- [Task item]: Take the lines below from the one with "It says please" through the one with "To see the values" and retype them exactly. Include nothing else, and no pictures.

- [Supplied information]:
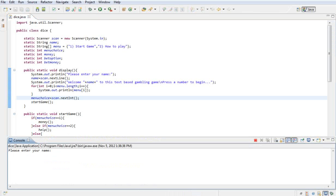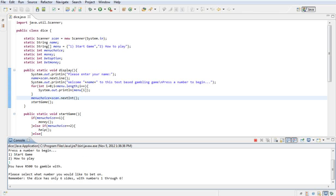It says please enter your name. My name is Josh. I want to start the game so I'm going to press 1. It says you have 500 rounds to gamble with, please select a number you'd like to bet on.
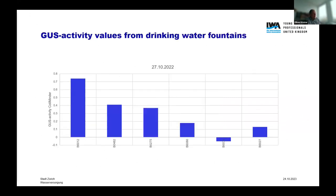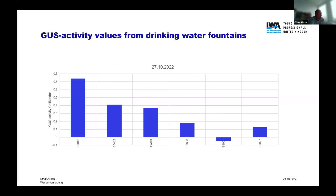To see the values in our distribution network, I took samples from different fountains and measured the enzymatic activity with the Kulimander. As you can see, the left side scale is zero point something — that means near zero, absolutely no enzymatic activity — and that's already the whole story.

...

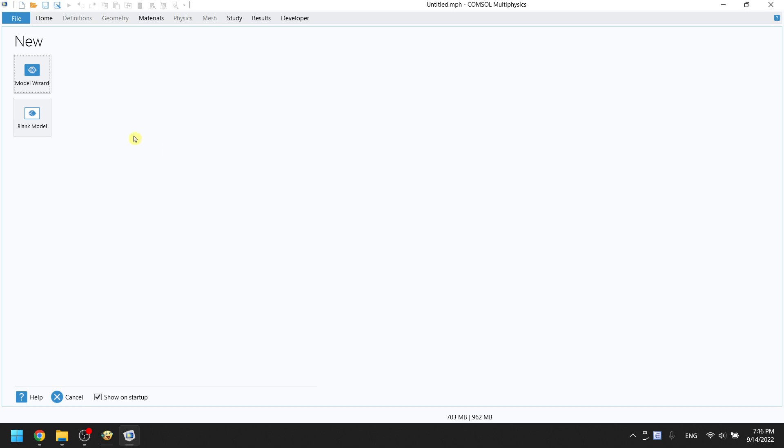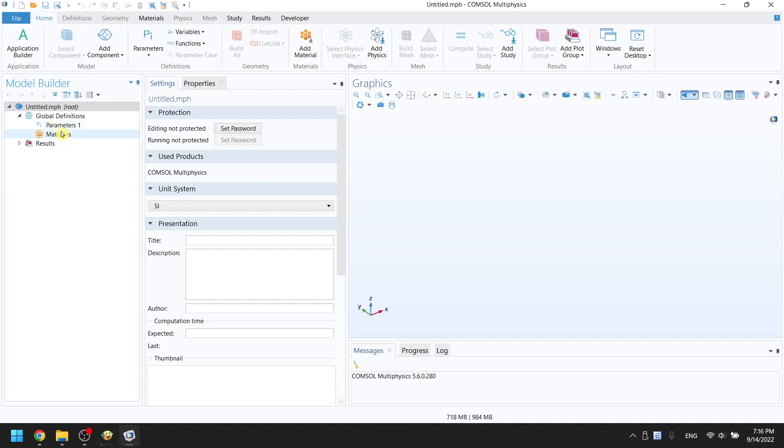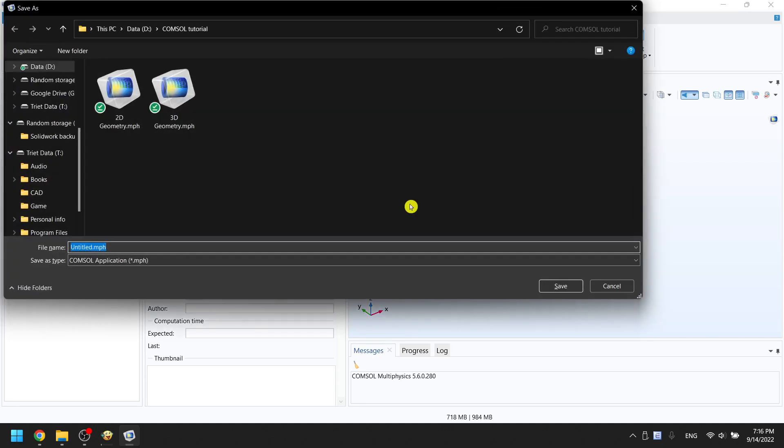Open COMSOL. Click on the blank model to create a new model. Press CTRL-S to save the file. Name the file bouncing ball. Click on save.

- [Answer area]:
It says please enter your name. My name is Josh. I want to start the game so I'm going to press 1. It says you have 500 rounds to gamble with, please select a number you'd like to bet on.
To see the values in our distribution network, I took samples from different fountains and measured the enzymatic activity with the Kulimander. As you can see, the left side scale is zero point something — that means near zero, absolutely no enzymatic activity — and that's already the whole story.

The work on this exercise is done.